В двухместном купе на верхней полке лежала плохо одетая девушка, подложив под голову большущий мешок. Когда проводник предложил застелить, она вскрикнула: «Ни в коем случае!» Со мной она заговорила на второй день, узнав, кто я (не помню, как это вышло, кажется, офицер, ехавший в соседнем купе, назвал мою фамилию). Я услышал исповедь. В мешке, который я сразу заметил, материя. Она едет в украинский городок, где живет ее мать, продаст там материю, купит муку, сало. Она студентка текстильного института, муж тоже студент - филолог. «Он только и может, что читать. А знаете, как мы живем? Не помню, когда ели досыта. Мне-то, что я крепкая, а у него открытый процесс, ему нужно усиленное питание. Вот вы его не знаете, а он необыкновенный…» И вдруг молоденькая спекулянтка стала Джульеттой, неуклюже заговорила о своей любви. Билет она получила по блату. Денег у нее мало - только на носильщика, могут при пересадке украсть мешок. Я угостил ее бутербродами, она отказалась; я положил на верхнюю полку хлеб, колбасу и услышал, как она жует. Пересадка у нее была ночью; прощаясь, она сказала: «Не думайте обо мне слишком плохо, вы - писатель, должны понять… А может быть, не стоит брать носильщика?…» (Два года спустя на читательской конференции в текстильном институте ко мне подошла студентка: «Помните?…» Я сразу вспомнил. «Ну как - взяли носильщика?» Она засмеялась: «Нет, сама дотащила».)
Офицер, который ехал в соседнем купе, вез девочку лет восьми. «Мы ее подобрали возле Барановичей, родителей немцы убили. Я после ранения служил в санбате. Она ко мне привязалась. А жена пишет: «Привези». Жена у меня больная, ее четыре раза резали. Детей нет. До войны я прилично зарабатывал. Воевал в танковой бригаде, а вот после ранения попал в санбат - руку повредило. Ну, ничего как-нибудь устроюсь. Проживем. А без детей скучно. Мне ведь сорок два… Девочка-то хорошая. Жена обрадуется»… Девочка стеснялась, не раскрыла рта.
Я побродил по Одессе, она была печальной: много развалин, попадались люди босиком, в рваной одежде. Беда не к лицу Одессе, она казалась обиженной, оборванной и заплаканной модницей. На ночь меня устроили в роскошном запущенном доме - во время оккупации там жил какой-то румынский генерал. Красивый паркет в большой комнате был обуглен: вероятно, пробовали развести костер. Над широкой хромой кроватью висела разбитая венецианская люстра.

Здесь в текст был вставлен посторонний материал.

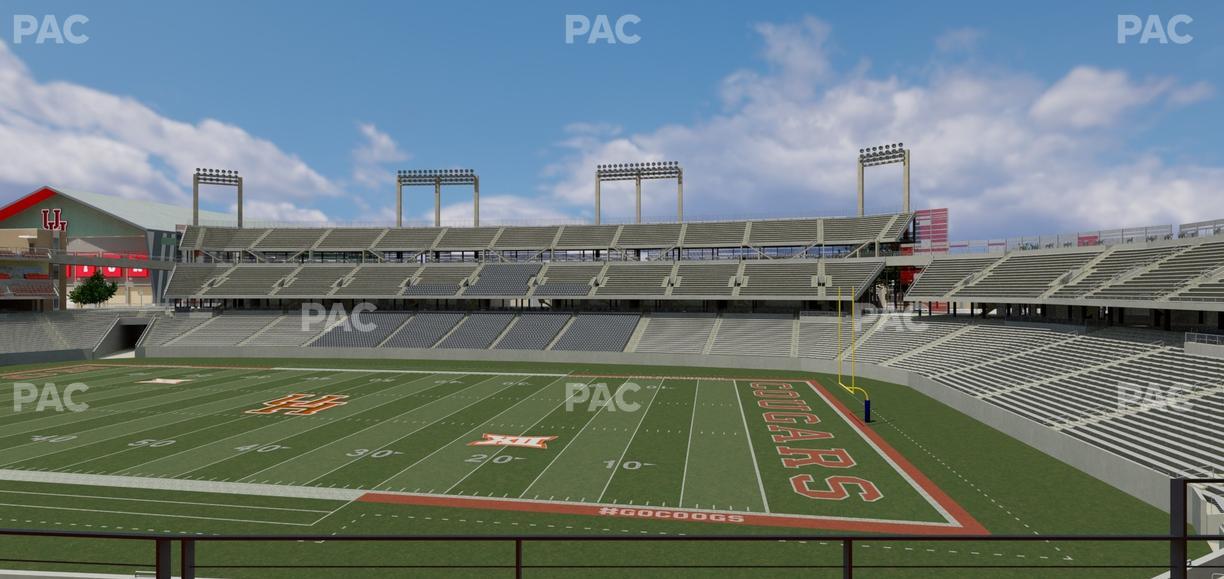 TDECU Stadium - Section Suite 204 Seat View
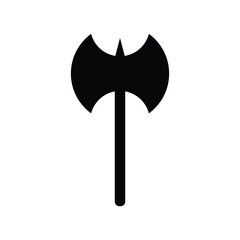 axe icon vector viking weapon sign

Я лег и вдруг почувствовал, что смертельно устал. Конечно, нужно было летом отдохнуть, но отдыхать я не умею. Хочется посмотреть незнакомые места. Начнутся митинги, доклады. Придется диктовать статьи по телефону. Потом сяду за роман и, наверно, снова не додумаю…
Как в 1932 году в Париже на улице Котантен, я начал судить себя. Только в Париже я сердился на раздумья, на то, что остаюсь в стороне от жизни, а теперь упрекал себя в пренебрежении к искусству, в поспешности, в нежелании додумать. Было, однако, нечто общее между старыми и новыми обвинениями. Я вспомнил стихи, написанные два месяца назад:
Я смутно жил и неуверенно,
И говорил я о другом…
Вот это правда, слишком часто говорил о другом - не о том, что для меня было самым важным. Внешне я выгляжу, скорее, мрачным, а внутри много легкомыслия. Пора бы додумать… Прежде мне казалось, что старость легка, естественна - постепенно замирают страсти, ослабевают желания. Кажется, именно в ту ночь в Одессе под разбитой люстрой я впервые понял, что все это вздор, что иссякают не страсти, а силы.

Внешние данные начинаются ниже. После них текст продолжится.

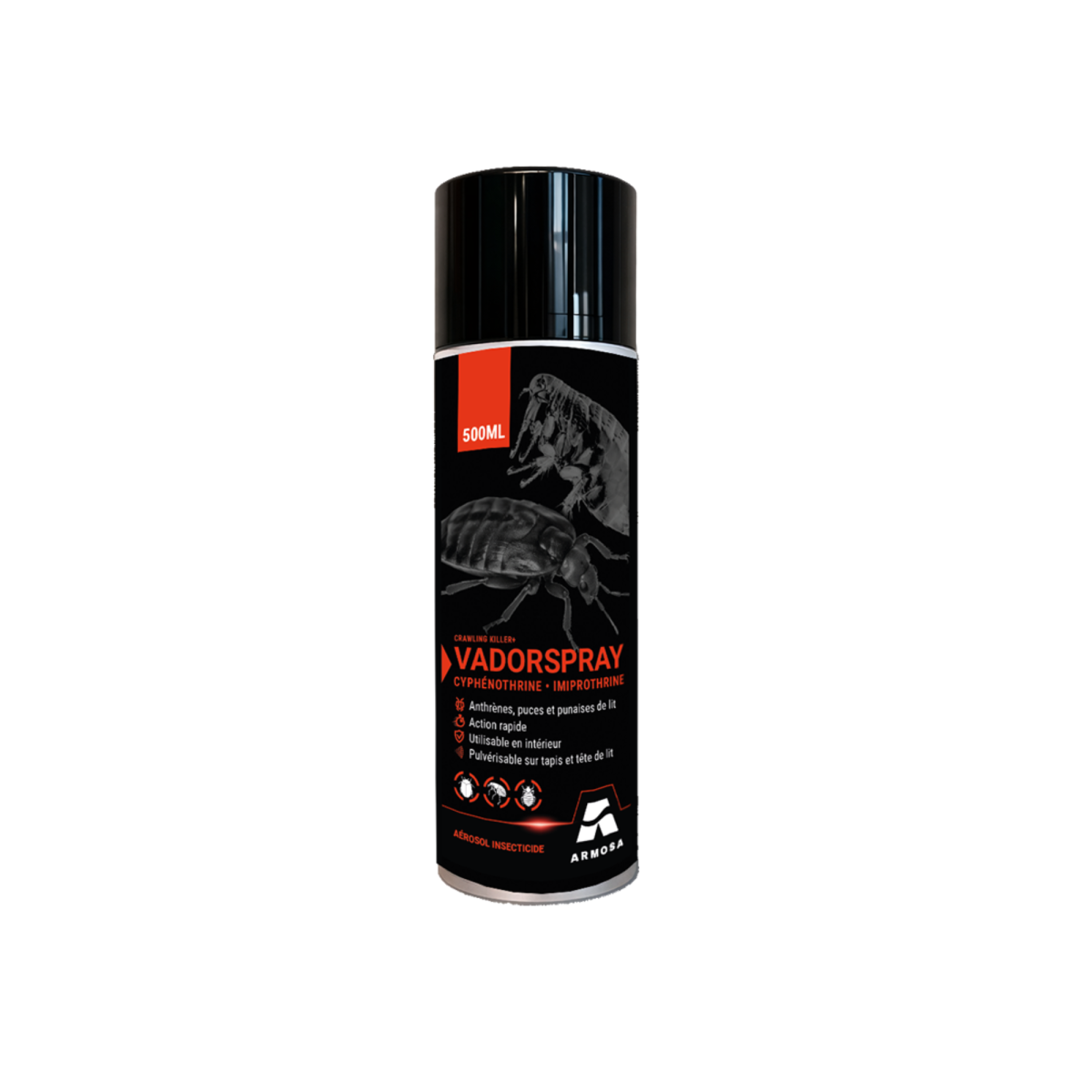 Aérosol insecticide VADORSPRAY 500ml – Insectes rampants large spectre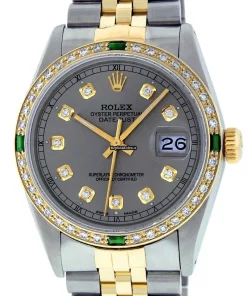 Affordable Replica Rolex Datejust 16013 Caliber 3035 Automatic Movement 36mm Gold/steel Case Mens/unisex Watch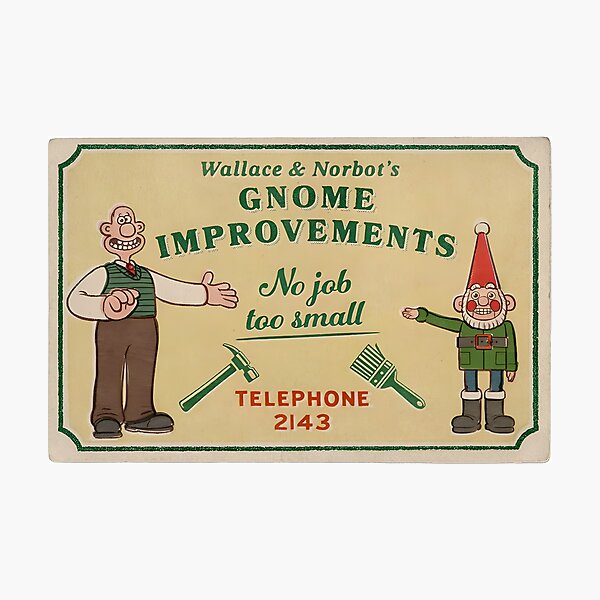 Item preview, Wallace & Gromit Norbot Gnome Improvements Vengeance Most Fowl designed and sold by Chilled Peak.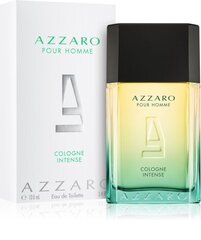 Tualettvesi Azzaro Azzaro Pour Homme Cologne Intense EDT meestele 100 ml hind ja info | Azzaro Parfüümid, lõhnad ja kosmeetika | hansapost.ee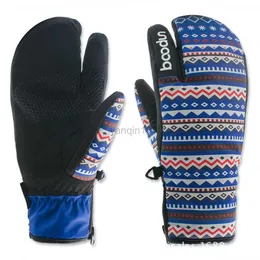 스키 장갑 Boodun New Winter Snowboard Gloves for Women Ski Gloves Windproof 방수가 아닌 스케이팅 스키 장갑면 따뜻한 장갑 HKD230727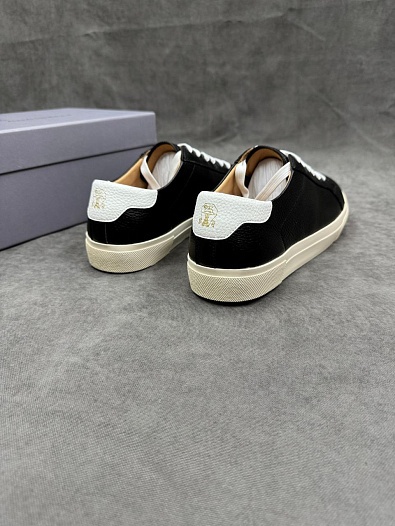 Мужские кожаные кроссовки Brunello Cucinelli   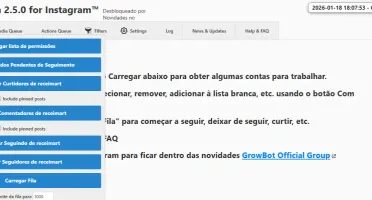 GrowBot Automator - Versão 2.5.0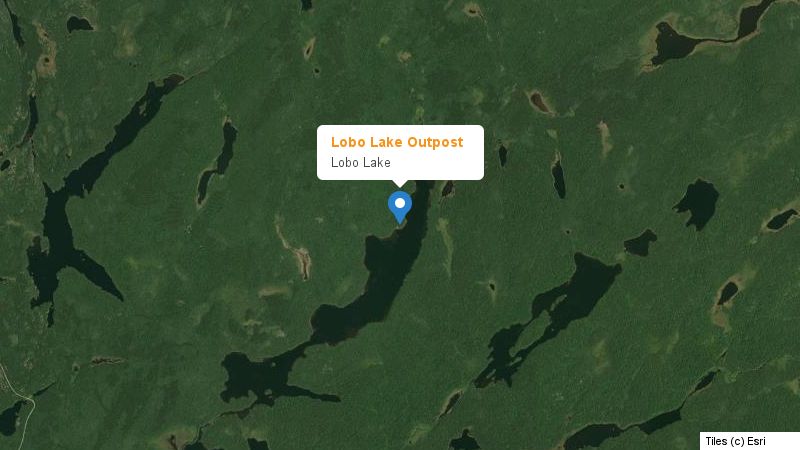 Map preview of the lake and surrounding area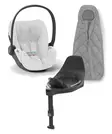 CYBEX Cloud T i-Size Plus starttipaketti Platinum White. - Babyskydd 0-13 kg - 523000224PAK2 - 1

На следующий день я улетел в Бухарест, откуда рассчитывал проехать в Софию. Самолет был еще военного времени - железные скамейки. Над Черным морем болтало, а я записывал про офицера с девочкой, про Одессу, про Пушкина, про свое треклятое легкомыслие. Вдруг самолет пошел на посадку (снова я чего-то не додумал, не дописал!). Я увидел на аэродроме огромную толпу: встречали премьера Грозу, который вместе с Татареску возвращался из Москвы.
Ко мне подошли секретарь посольства С. А. Дангулов и майор Леви из контрольной комиссии, сказали, что я должен задержаться, посмотреть Бухарест, Румынию. Уговорить меня было нетрудно. Майор повез меня в гостиницу. Было по-летнему жарко, шумно, пестро, и, забыв про ночные раздумья, я жадно вглядывался в чужие лица. Это было семнадцать лет назад, и теперь я твердо знаю, что в Одессе ругал себя за дело. Некоторые пословицы не врут, и горбатого действительно исправит только могила.